Oil industry players involved in Uganda’s extraction project in the Albertine Basin have been rattled after a damning new report on the environmental conservation of the area, just as officials were seeking financing in China.

It came as Uganda’s oil project leaders looked for money, possibly from the Chinese lenders, for the crude oil pipeline meant to run from the Albertine Basin to the coast of Tanzania, to help Uganda export its oil.

Based on 98 interviews conducted in the project area, the report alleges serious and widespread human rights abuses, including sexual violence, as well as environmental damage by Kingfisher oilfield, which unlike the bigger upstream project – the TotalEnergies-operated Tilenga, had hitherto avoided scrutiny. 

The report titled ‘They Don’t Want People to Stay Here: How CNOOC’s Kingfisher Oil Project in Uganda Is Causing Human Rights, Environmental, and Climate Harms,’ was released by the Berkeley, California-based group Climate Rights International (CRI).

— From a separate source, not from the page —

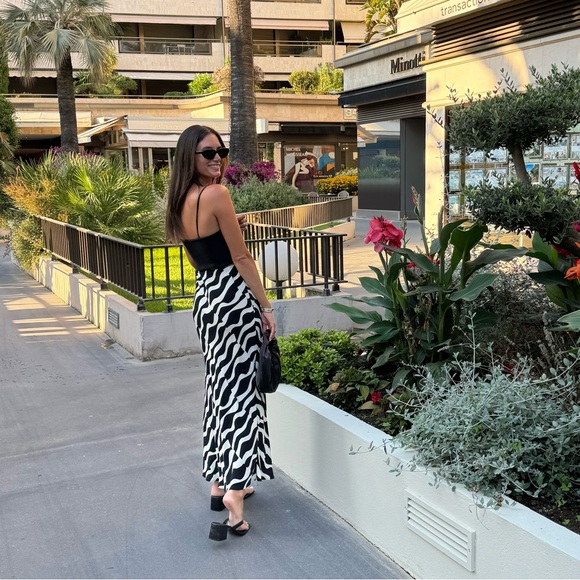 PRINTED MIDI SKIRT - Black and White - Zara - Picture 4 of 6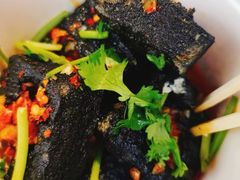 -黑色经典臭豆腐·湖南特产(坡子街特产局店)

Read: Uganda court orders demolition of homes to pave way for Tilenga project

The report claims forced evictions, inadequate or non-existent compensation for land and other assets, coercion, and intimidation in the land acquisition process, loss of livelihoods, reduced standards of living and impoverishment, labour rights violations, and sexual and gender-based violence by Kingfisher workers and the military that secures the project.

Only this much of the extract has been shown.